I eat my salad after the entrée. I don't need a sea of sauce with my spaghetti, and a dessert of mandarin oranges and a shot of espresso always sounds good to me. That's how they eat in Italy, and that's how I eat. I adopted these customs after living in Italy for a while, yes. But I also give much of the credit to my mother. She's the one who started my obsession with all things Italian. And I am so very grateful that she did.
Holiday meals growing up in Ohio were lasagna or manicotti or breaded chicken in the oven with potatoes and onions. I remember "Friday meatballs" when eggs were hardboiled in a big pot of sauce. Holiday sweets were pizzelle and giuggiulena cookies. Mom taught us fun words like 'naso' (nose) and how to count to ten in Italian. Visits with older aunts and uncles were always a bit odd, since they spoke Italian with a Sicilian dialect to each other and to Mom. I didn't appreciate any of it until 1977, when Mom went back to Sicily, saw cities like Taormina and Agrigento and then went to her hometown of Grotte. She was reacquainted with cousins, an aunt and uncle and saw her first home. "I'm so glad I did this!" she wrote on a postcard.
Many trips followed that first one. We all wanted to meet the cousins, see mom's hometown and experience Italy. My first trip was after college on an internship with the Associated Press in Rome. I went back again several years later for a vacation and then lived there for 14 months in the mid-'90s.

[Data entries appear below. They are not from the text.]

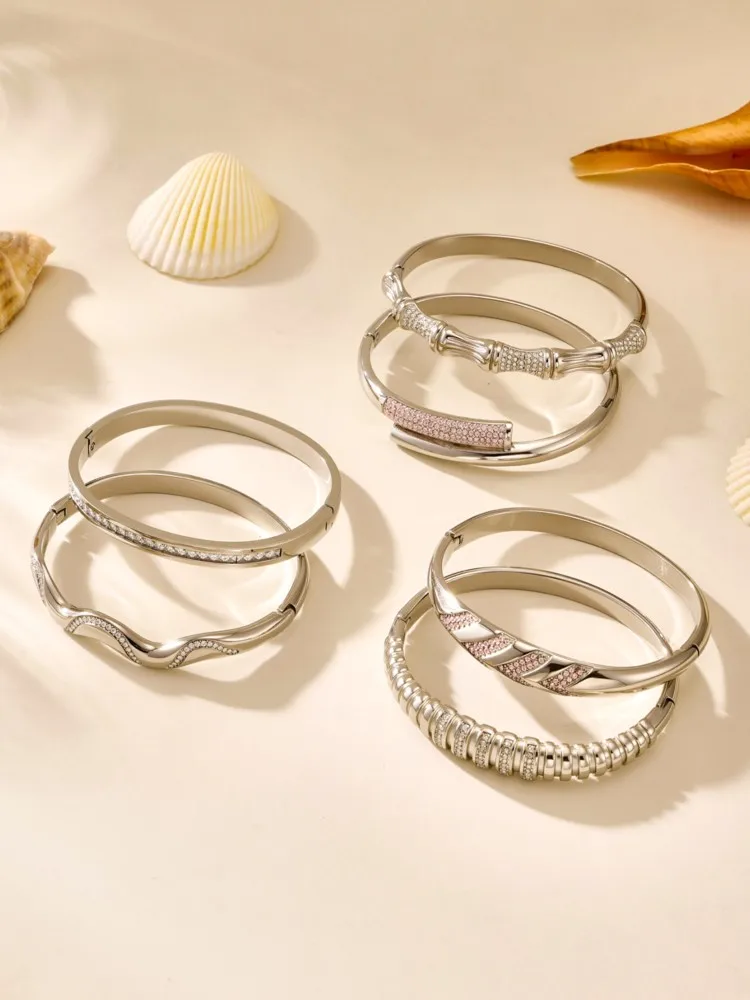6 Models 316L Stainless Steel Bracelet Bangles For Women 18k Gold Plated With Shiny Zircon Non Tarnish Womne's Bracelets Bangle
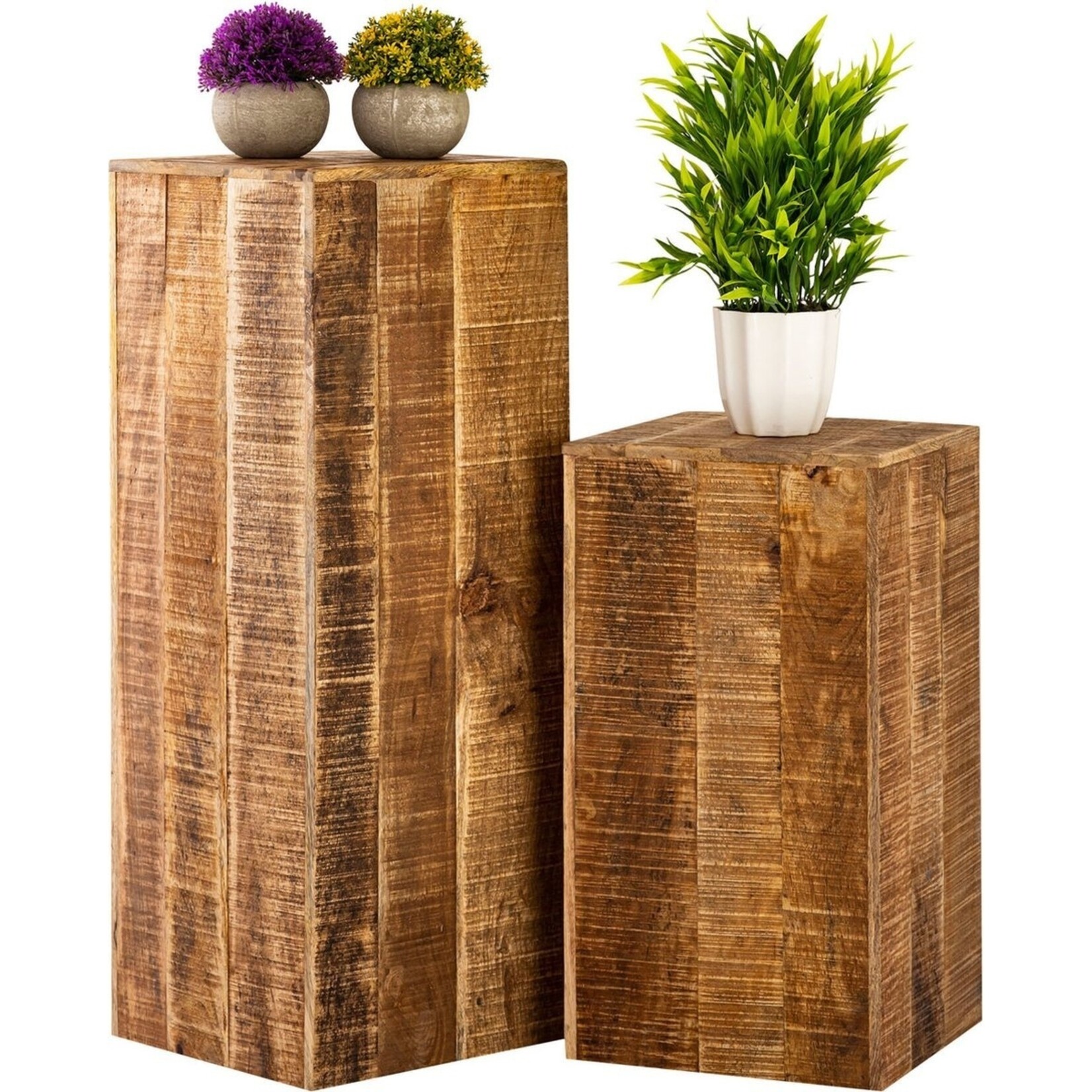 Bobbel Home Bobbel Home -Plant Stand - Side Table - 27 x 27x 70-75 cm - Brown - Solid Mango Wood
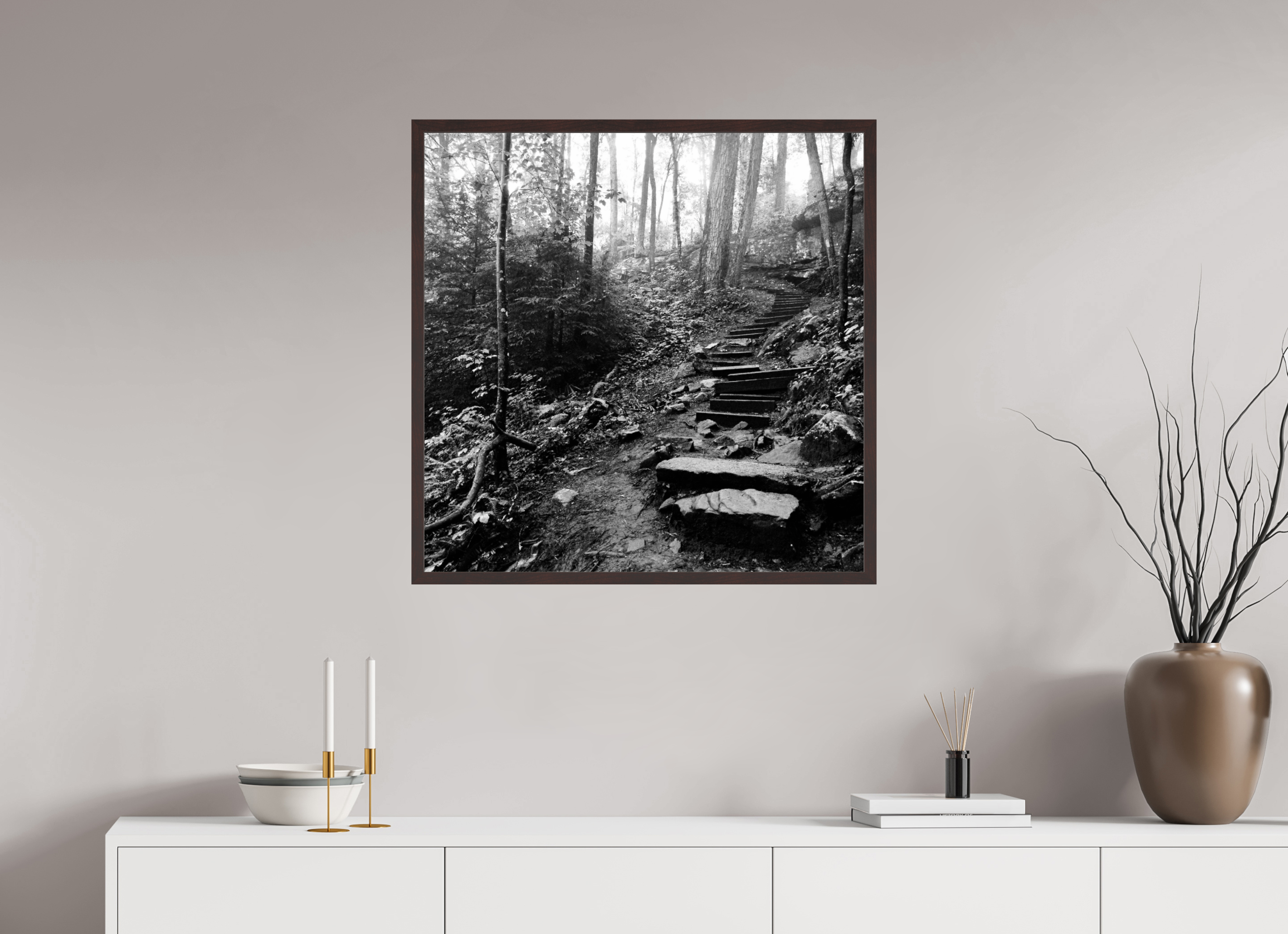 30 x 30″, ArtBox On Aluminum Dibond Hillside Steps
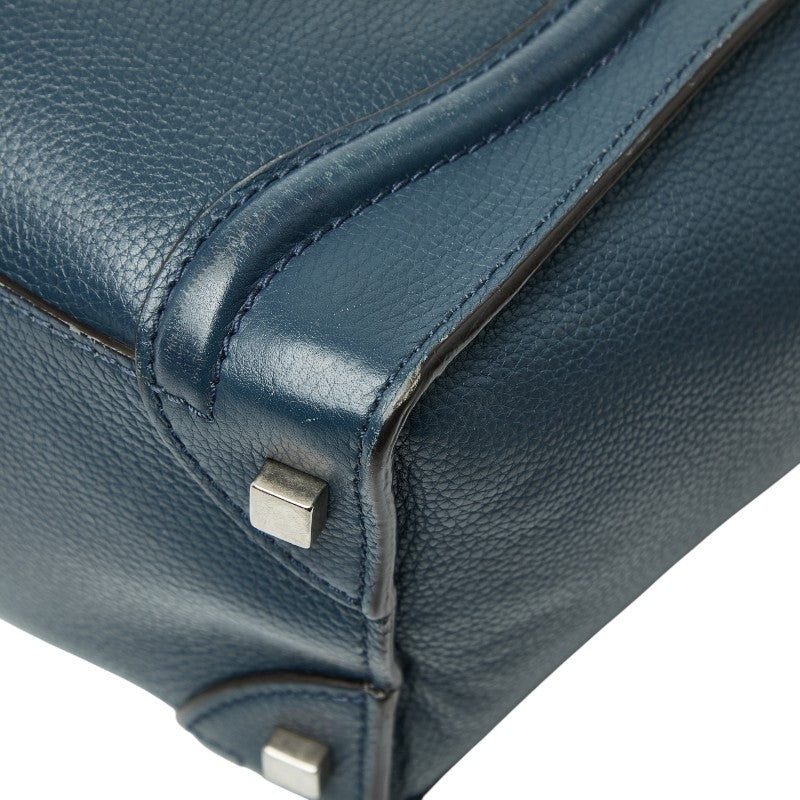 セリーヌ ラゲージ マイクロショッパー ハンドバッグ ネイビー ブルー レザー レディース CELINE 【中古】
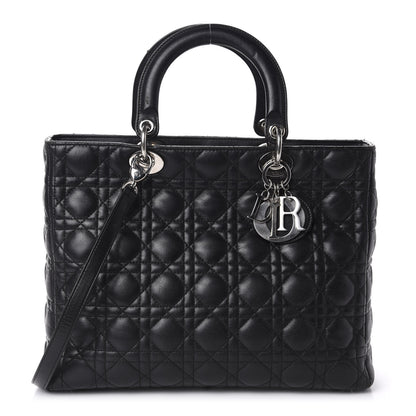 Christian Dior Lambskin Cannage Large Lady Dior Black 1 of 11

My best trips to Italy were the three with my Mom. What stands out for me is not gazing at the renovated "Il Cenacolo" in Milan or walking around St. Peter's Basilica. It's taking Mom to the salon in Cortona, in Tuscany, where we got the scoop on all the goings-on in the town, then, sitting on a bench in the piazza, ate gelato. In Rome, it was eating lunch at a trattoria with the locals, being schooled in how to eat a wild game stew. (Hint: use your hands.)
This week marks the second anniversary of my mom's passing. I think about her every day and now I'm planning a "Mom" trip to Italy where I will visit all of our favorite places -- and maybe a few of my own.
The first time we enjoyed Italy together was Christmas 1986 in Rome, during the internship. "I hope you are watching, learning, and growing so that you can become a valuable employee -- wherever you go to work," she wrote in a letter. "Your opportunity is now. Use it!" She went on: "Find something to get interested in. You should have all the cathedrals down pat by now. Can you imagine how interesting you will be in a group, if you can spout them off? Or am I expecting too much? Who knows." (For the record, there are more than 900 churches in Rome. And no, I didn't get them all down pat.)
She went back and forth on whether or not we'd be able to make a holiday visit to Sicily. We eventually decided against it because we couldn't get a flight and I had to be in the bureau anyway. Mom wrote that it was such a "noteworthy contrast in the two cultures," after learning that there would be no new flights on Dec. 25 nor 26. "Americans want to make as much money as possible, Italians want to enjoy as much as possible. Beautiful! I love the Italians."
After Christmas in Rome -- complete with Midnight Mass at St. Peter's -- we headed to Assisi and Siena. Assisi was wonderful, if only for the accommodations, which had the softest beds we had ever slept on, topped with the fullest down-filled comforters we had ever seen. Oh, the place was freezing and the bathroom was down the hall, but we didn't care. The room rate included a three-course dinner, which we ate in a dining area complete with a crackling fire. Siena, and our day trip to San Gimignano, were divine, especially since we found authentic Gucci and Louis Vuitton handbags at a small store. Mom scored a bargain and we bought three.
We didn't get back to Italy together until 2003, to celebrate her successful kidney transplant, and again in 2004. Itineraries included Montalcino, Montepulciano, Pienza, Perugia, Naples, Amalfi, Ravello, Bologna, Milan and Rome. We absorbed it all, with friends and cousins as our hosts. One of my favorite episodes from those trips, which truly illustrates the warmth and the joy of the natives, was an evening in Bologna, when my friend Poala and 12 of her friends treated us to a true Bolognese dinner at an agriturismo called Gradizzolo.
We were treated to the traditional local fare, including pesto modenese, a spread of lard, garlic and rosemary that you eat on warm tigelle (small, thick, round pieces of bread). It was an exceptional evening with noisy conversation and a lot of laughs.
Then it was time to leave. Have you ever been with a group of Italians when it was time to leave? Everyone has to say goodbye to everyone personally, but not without a good chat first. I think it took about an hour before we actually left the building and made it to the cars, got inside, doors shut, engine going. But then two friends who were in front of us stopped their car and the driver, Franco, got out and knocked on my mother's window.
"Si?" she said.
"I just realized," Franco said. "I didn't say goodnight to you."